Microfinance firm Spandana Sphoorty Financial Ltd reported a net loss of ₹83 crore for Q3FY26, significantly lower than the ₹218 crore loss recorded in the year-ago period.
The company’s net interest income (NII) rose 12.7% year-on-year to ₹94.5 crore. Assets under management (AUM) stood at ₹3,948 crore at the end of the quarter, marking a 3% decline from ₹4,088 crore in Q2FY26, while disbursements grew 27% QoQ to ₹1,188 crore.
Asset quality showed marked improvement, with standalone gross non-performing assets (GNPA) falling to 2.60% from 4.97% in September 2025, and net NPA at 0.50%.
The provision coverage ratio (PCR) remained steady at ~80%. The company attributed the progress to its cautious customer selection and improved portfolio performance, with 58% of FY26 microfinance AUM reporting 99.8% net collection efficiency.

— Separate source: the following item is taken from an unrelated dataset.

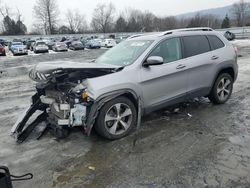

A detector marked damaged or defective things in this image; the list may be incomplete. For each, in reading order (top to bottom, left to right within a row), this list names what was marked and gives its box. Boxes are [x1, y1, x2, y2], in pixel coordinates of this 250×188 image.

crumpled hood [29, 61, 121, 82]
damaged suv [11, 27, 238, 142]
wrecked vehicle [11, 27, 238, 142]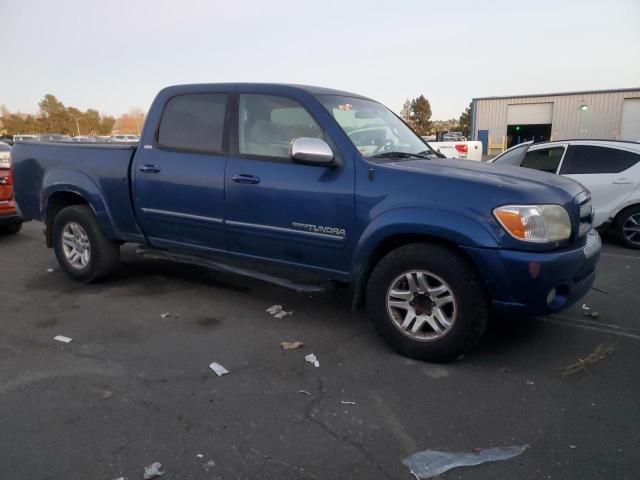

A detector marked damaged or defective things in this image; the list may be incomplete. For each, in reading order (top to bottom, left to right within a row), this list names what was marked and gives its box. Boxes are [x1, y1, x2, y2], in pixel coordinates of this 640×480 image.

Commenting on the results, Venkatesh Krishnan, MD & CEO, said, “The microfinance sector inched closer to normalcy in Q3FY26 after six very challenging quarters. Our Q3 disbursements were up 27% QoQ, and collection efficiency continues to improve across buckets. With comfortable liquidity of ₹1,626 crore, a CRAR of 40.3%, and gearing at 1.8x, we are well-positioned to drive future growth.”
The company is also exploring operational efficiencies, including a potential merger of its subsidiary Criss Financials Ltd with Spandana to optimise capital utilisation, diversify the asset base, and enhance operational agility.
Spandana has also factored in the financial impact of the new labour codes, resulting in incremental employee benefit expenses of ₹3.91–4.07 crore in gratuity and ₹3.68–4.34 crore in leave liabilities, while monitoring further clarifications from the government.
Shares of Spandana Sphoorty Financial Ltd ended higher on 6.18% at ₹252.75 on the NSE.